The First Baptist Church of St. Petersburg was organized in early 1891
with Reverend F. King as its first pastor. The services were held in
different locations such as local school buildings near Central and 9th
Street, and Cooper's Hall at 340 Central Avenue. The church purchased its
first site at 226 Fourth Avenue North in 1893, and in 1896 the church body
was moved to a wooden structure at the southeast comer of Central Avenue
and Sixth Street. The members of the church lived in close proximity to
the church and a permanent site was pursued. In 1911, the present
location, 120 Fourth Street North, was purchased. The next year the wooden
building was moved from the Central Avenue site to this location. In 1922,
the small wooden church was relocated to the rear of the site to provide
space for construction of a new masonry church, constructed in the
NeoClassical style with a temple front facing Williams Park.

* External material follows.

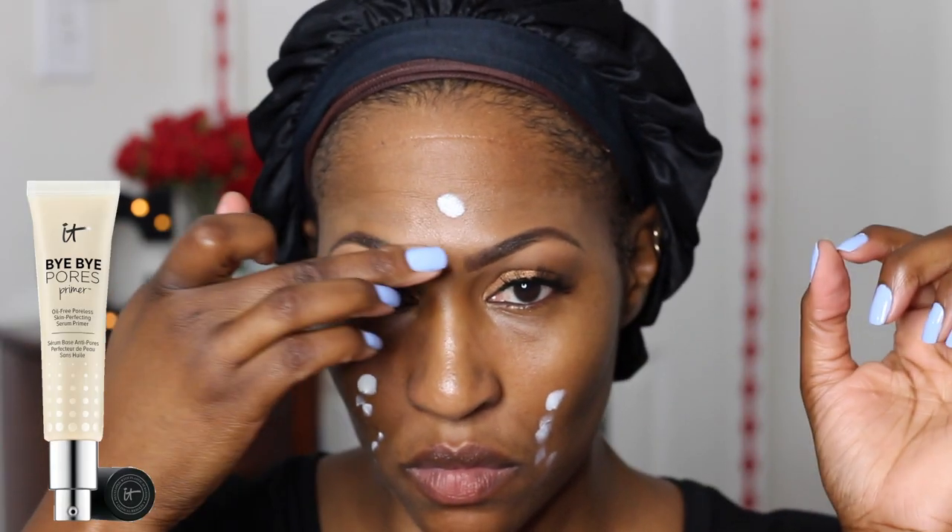So I'm blending that out. Whenever you add a brow bone highlight or anything to the lid, you always blend. I'm using my Cocoa Misha Lashes and I put on some liner. And now I am priming — I have a video on this primer. It is the It Cosmetics Bye Bye Pores Primer. Love that primer.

The Neo-Classical style was a dominant style for buildings throughout
the country during the first half of the 20th century. This revival of
interest in classical models dated from the World's Columbian Exposition,
held in Chicago in 1893. According to the City’s Florida Site File
inventory, only twenty-eight structures in St. Petersburg – less than
one-half of one percent of all of its documented historic buildings –
are Neoclassical Revival in style. Twenty-two of these structures are
residential properties, while the remainder include such historically
significant properties as the Dennis-McCarthy Hotel, the Alexander Hotel
and the Princess Martha Hotel. The Church is unique among these
significant structures due to its Greek Temple Form (full-height entry
portico with columns supporting a pediment) which may be the sole example
on a historic building in St. Petersburg, and because it is the only Greek
Temple Form structure designated a local historic landmark. The temple
form has been the prototype for Classical Revival structures beginning
with the Greek Revival of the early 19th century and continuing
into the first half of the 20th century.
The front facade of the three-story building facing 4th Street North
contains an imposing temple front raised one level above the street,
featuring six, 30-ft. high gray stone Corinthian columns, which rest upon
4-ft. high stone pedestals. The front and side facade features buffed-up
(polished) beige face brick with yellow stained glass windows and the rear
facade features common red brick, with frosted glass wood double hung
windows. A set of entry stairs stretching the entire width of the portico
in antis ascends to a 40-ft. by 10-ft. entry area covered with a ceramic
tile floor. The gabled roof over the porch featured a pediment with a
slate roof. A round, yellow stained-glass window, 2-ft. in diameter, is
located in the center of the brick tympanum just below the gabled roof.
Above the windows on the third level, a continuous painted metal cornice
wraps around the entire building and is aligned with the portico’s
entablature. A parapet wall with a gray stone coping (a protective cap)
crowns the front and two sides of the face brick building facade.